The date of February 22 means the "Exile the Second Day".

==History==

=== 2007–2012: Formation and debut ===
In January 2007, Exile announced that they would hold an audition to recruit new members for the second generation of J Soul Brothers. Nesmith and Shokichi, finalists of the Exile Vocal Battle Audition, were the first members to join the new generation in August 2007. Performers Kenchi, Keiji, and Tetsuya were soon added. Three months later, performers Naoto and Naoki were added, and they gave their debut performances at Color's 2007 nationwide tour, Color Live Tour 2007: Blue. The second generation, called Nidaime J Soul Brothers, released their debut single "WE!" in May 2008 under the indie label Rhythm Republic. Nidaime J Soul Brothers announced their hiatus after the release of their first self-titled album J Soul Brothers in February 2009. A month later, all Nidaime members joined the line-up of Exile. Members Naoto and Naoki stayed behind to re-join J Soul Brothers' third generation, the Sandaime J Soul Brothers.

On July 1, 2012, during Exile Tribe's tour Exile Tribe Live Tour 2012 ~Tower of Wish~, the formation of The Second from Exile as a unit from Exile was officially announced. The group activities started on November 7 of the same year with their debut single "Think 'Bout It!". A day after, the group held their first live performance at GirlsAward by 2012 Autumn / Winter.

=== 2013–2015: First album The II Age and Exile Tribe Perfect Year 2014 ===
On August 14, 2013, the group their 2nd single "Survivors" feat. DJ Makidai from Exile / Pride.

On February 5, 2014, they released their first album, The II Age. It sold over 51.000 copies in the first week of its release and thus became their first album to top Oricon's weekly albums chart. The group also participated in Exile Tribe's Exile Tribe Perfect Year Live Tour Tower of Wish 2014 ~The Revolution~ tour in 2014.

After the release of their first album in 2014, the group went on an indefinite hiatus, only doing activities as members of Exile.

On December 4, 2015, Kenchi Tachibana was announced as leader of Exile The Second.

=== 2016: Name change, addition of Akira and first tour ===
On May 20, the group changed its name from The Second from Exile to Exile the Second.

On June 6, they announced their 3rd single "Yeah!! Yeah!! Yeah!!", to be released on July 13.

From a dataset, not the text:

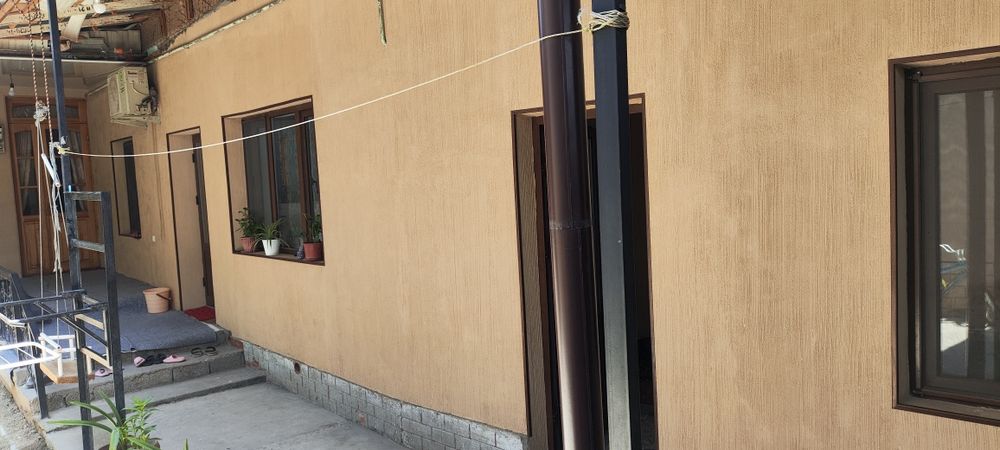 Yashnobod tumani. Qoʻyliq. hovli uy 2.7 sotix 6 xona+ holl+ oshxona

On September 5, LDH announced that Exile's member Akira would join the group, making Exile The Second a 6-member group. Prior to joining the group, he appeared in the music videos of their last two singles "Yeah!! Yeah!! Yeah!!" and "Shut Up!! Shut Up!! Shut Up!!".

On September 21, the group released their 5th single "Wild Wild Wild". The title track was used as the official theme song for the Japanese release of the movie Suicide Squad. The single ranked #1 on Oricon's weekly single chart.

The group held their first nationwide tour Exile the Second Live Tour 2016–2017 "Wild Wild Warriors" from October 29, 2016, until May 14, 2017.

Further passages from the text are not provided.